Diego iba a responder alguna cosa, pero las palabras se le quedaron heladas en el paladar cuando vio a Lina entrar en el salón vestida de Valentino. Carol, que había cometido el imperdonable error de dar la espalda a la puerta, no tuvo tiempo de evitar el susto que se llevó su amiga al encontrarse cara a cara con el doctor.

—¿Lina? —consiguió articular Diego, que no podía creer lo que veía.

—Sí.

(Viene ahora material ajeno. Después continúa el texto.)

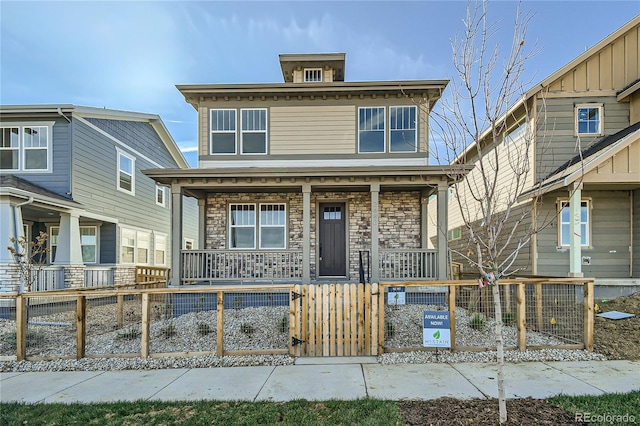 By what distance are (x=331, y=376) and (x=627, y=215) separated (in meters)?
10.4

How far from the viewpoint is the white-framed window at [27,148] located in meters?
11.9

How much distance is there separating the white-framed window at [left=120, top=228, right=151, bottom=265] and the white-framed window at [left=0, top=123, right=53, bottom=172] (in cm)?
366

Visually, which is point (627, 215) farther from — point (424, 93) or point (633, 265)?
point (424, 93)

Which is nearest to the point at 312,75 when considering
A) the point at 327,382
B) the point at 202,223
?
the point at 202,223

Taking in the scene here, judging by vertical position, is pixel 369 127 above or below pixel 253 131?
above

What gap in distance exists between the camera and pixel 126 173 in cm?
1495

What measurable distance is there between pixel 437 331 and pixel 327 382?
6.57 feet

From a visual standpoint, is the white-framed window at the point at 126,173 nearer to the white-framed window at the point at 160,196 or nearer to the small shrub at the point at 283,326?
the white-framed window at the point at 160,196

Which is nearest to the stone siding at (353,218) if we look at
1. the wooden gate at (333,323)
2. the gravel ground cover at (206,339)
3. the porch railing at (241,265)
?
the porch railing at (241,265)

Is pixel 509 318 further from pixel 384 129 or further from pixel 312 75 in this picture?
pixel 312 75

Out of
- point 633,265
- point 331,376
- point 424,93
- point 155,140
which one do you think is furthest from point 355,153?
point 155,140

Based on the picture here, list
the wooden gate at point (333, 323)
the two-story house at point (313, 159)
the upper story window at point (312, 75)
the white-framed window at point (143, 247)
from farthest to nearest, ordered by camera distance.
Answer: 1. the white-framed window at point (143, 247)
2. the upper story window at point (312, 75)
3. the two-story house at point (313, 159)
4. the wooden gate at point (333, 323)

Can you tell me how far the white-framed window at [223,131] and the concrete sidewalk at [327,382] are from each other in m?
7.28

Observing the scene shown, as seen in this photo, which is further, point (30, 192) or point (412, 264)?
point (30, 192) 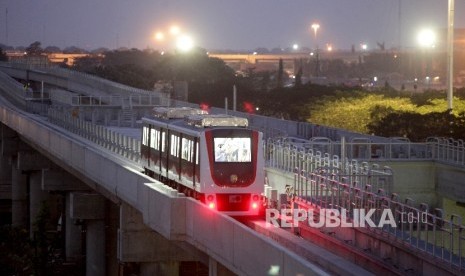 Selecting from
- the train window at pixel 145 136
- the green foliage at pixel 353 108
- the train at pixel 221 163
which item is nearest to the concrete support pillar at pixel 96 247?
the train window at pixel 145 136

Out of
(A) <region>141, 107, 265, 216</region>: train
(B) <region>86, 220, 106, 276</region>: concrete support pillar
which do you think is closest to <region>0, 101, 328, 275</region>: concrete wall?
(A) <region>141, 107, 265, 216</region>: train

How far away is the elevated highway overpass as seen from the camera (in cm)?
1925

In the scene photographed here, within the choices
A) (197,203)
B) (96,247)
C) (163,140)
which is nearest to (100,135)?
(96,247)

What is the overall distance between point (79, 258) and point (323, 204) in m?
28.4

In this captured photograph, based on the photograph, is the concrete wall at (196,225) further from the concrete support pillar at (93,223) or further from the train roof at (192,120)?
the concrete support pillar at (93,223)

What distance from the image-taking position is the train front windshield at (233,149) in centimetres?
2795

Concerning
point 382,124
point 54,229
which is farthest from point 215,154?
point 54,229

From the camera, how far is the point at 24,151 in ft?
224

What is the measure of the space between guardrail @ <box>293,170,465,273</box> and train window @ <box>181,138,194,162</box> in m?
2.81

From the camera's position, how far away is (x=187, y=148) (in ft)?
95.4

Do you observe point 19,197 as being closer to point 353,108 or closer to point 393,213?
point 353,108

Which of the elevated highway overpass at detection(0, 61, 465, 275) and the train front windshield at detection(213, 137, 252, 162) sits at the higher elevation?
the train front windshield at detection(213, 137, 252, 162)

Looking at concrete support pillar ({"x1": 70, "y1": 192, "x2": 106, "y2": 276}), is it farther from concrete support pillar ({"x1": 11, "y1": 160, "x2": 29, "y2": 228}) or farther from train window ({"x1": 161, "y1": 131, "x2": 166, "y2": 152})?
concrete support pillar ({"x1": 11, "y1": 160, "x2": 29, "y2": 228})

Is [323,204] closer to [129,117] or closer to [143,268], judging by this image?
[143,268] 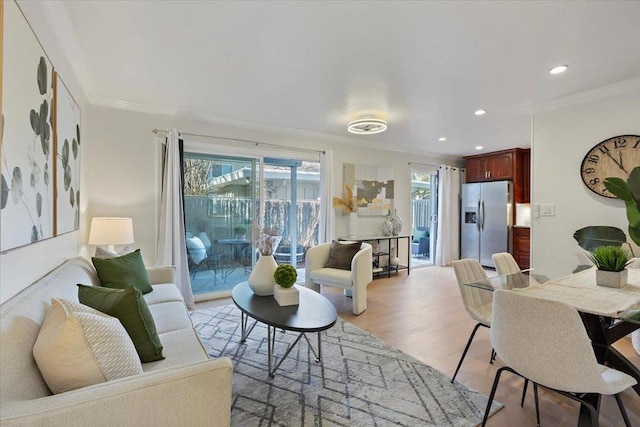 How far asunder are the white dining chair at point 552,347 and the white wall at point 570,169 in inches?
73.9

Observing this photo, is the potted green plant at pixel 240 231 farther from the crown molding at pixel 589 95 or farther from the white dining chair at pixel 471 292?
the crown molding at pixel 589 95

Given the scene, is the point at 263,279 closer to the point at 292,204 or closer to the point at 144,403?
the point at 144,403

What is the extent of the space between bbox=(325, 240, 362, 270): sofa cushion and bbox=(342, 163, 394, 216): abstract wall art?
1.39 m

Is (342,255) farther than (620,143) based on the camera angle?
Yes

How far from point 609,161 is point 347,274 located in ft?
9.49

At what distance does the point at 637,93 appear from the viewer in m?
2.85

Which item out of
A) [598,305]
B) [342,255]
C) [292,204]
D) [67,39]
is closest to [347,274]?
[342,255]

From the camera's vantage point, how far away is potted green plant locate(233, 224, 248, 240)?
4.42 metres

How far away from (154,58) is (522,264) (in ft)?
21.9

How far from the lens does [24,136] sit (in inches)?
57.2

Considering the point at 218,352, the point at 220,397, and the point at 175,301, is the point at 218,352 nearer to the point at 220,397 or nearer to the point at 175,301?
the point at 175,301

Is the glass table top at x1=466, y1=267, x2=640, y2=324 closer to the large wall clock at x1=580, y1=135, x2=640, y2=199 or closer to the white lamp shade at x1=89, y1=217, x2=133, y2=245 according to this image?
the large wall clock at x1=580, y1=135, x2=640, y2=199

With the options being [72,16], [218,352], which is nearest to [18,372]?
[218,352]

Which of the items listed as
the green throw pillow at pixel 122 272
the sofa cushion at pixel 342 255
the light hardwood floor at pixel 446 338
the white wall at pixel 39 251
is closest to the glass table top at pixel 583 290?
the light hardwood floor at pixel 446 338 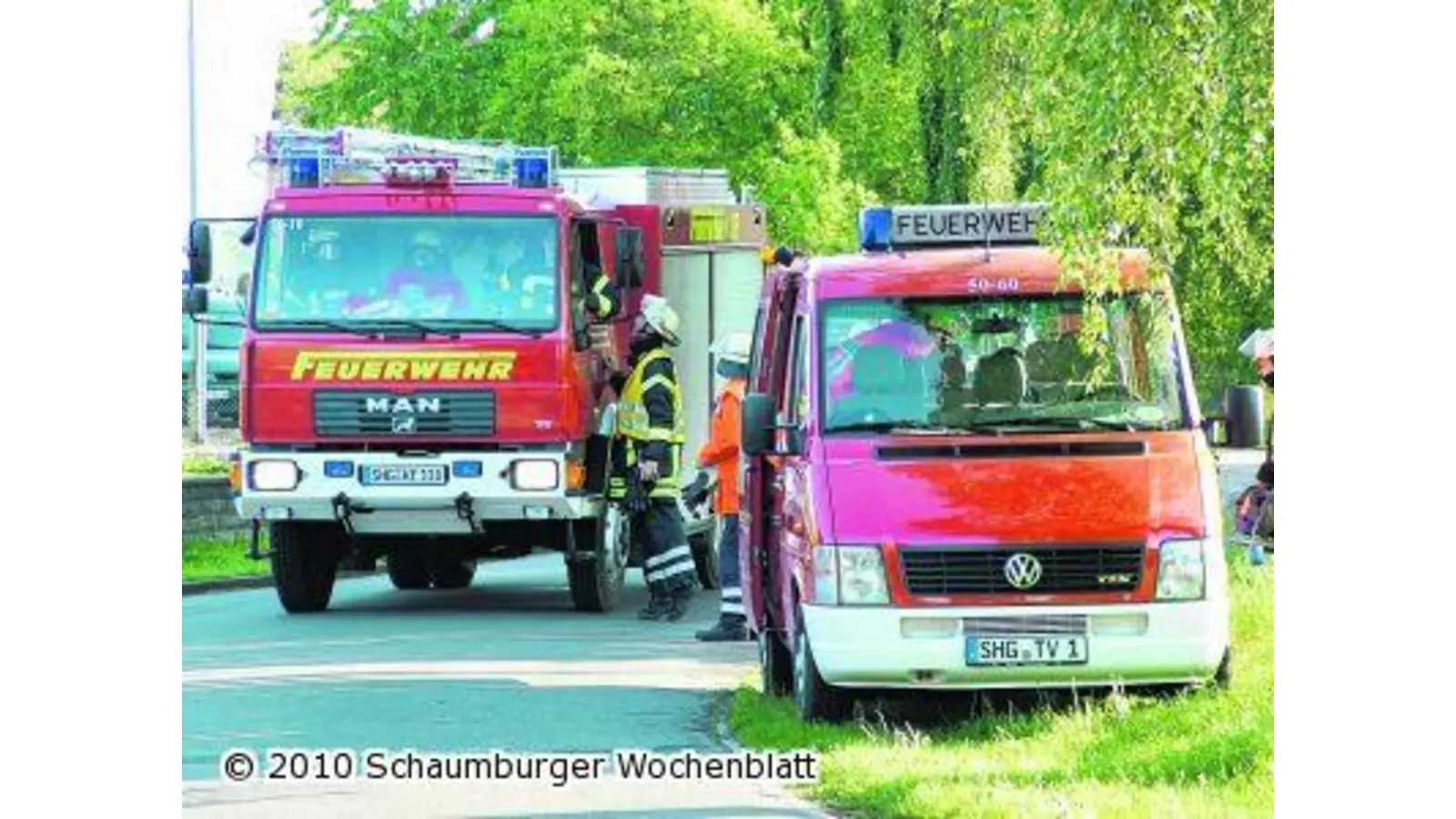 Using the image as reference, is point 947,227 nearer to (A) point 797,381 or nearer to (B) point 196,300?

Lina Santo Domingo, la sobrina del embajador de Perú —contestó Carol a toda prisa.

—¿Os conocéis? —le preguntó en otro tono María Fernanda, sin apartar los ojos del voluptuoso cuerpo que se aproximaba hacia su rincón.

—Sí. Les presenté en el hotel. Lina vino a visitarme cuando estaba enferma —mintió Carol—. Es un encanto.

Para cuando se dio cuenta de quiénes eran los compañeros de mesa de Carol, Lina estaba demasiado cerca del grupo como para darse la vuelta y desaparecer sin ser vista.

—Doctor… —empezó a decir con la poca voz que le salió con esfuerzo de sus encorsetados pulmones.

Diego se puso en pie. A él nunca le temblaba el pulso y siempre olía a lavanda.

—Encantado de volver a verla, Lina —dijo—. Le presento a mi mujer, María Fernanda.

Y tanto Carol como Lina respiraron aliviadas, conocedoras de que su secreto estaba a salvo detrás de la sonrisa de los ojos del médico.

La fiesta se prolongó todavía un par de horas. Cuando calló el piano comenzaron a sonar las cuerdas de una guitarra española y un cuadro flamenco se adueñó del centro de aquel salón. «Tu madre bailaba como una artista». Las palabras de Diego llamaban a la puerta de su memoria, los recuerdos olvidados. «¿Tú no bailas, niña?», le preguntó alguien. Y ella negó con la cabeza: «Yo no sé bailar», confesó por fin, y al hacerlo, notó que de alguna manera, sin ella saber cómo, se había abierto un agujero entre los barrotes de su jaula por el que empezaba a entrar el aire de la calle.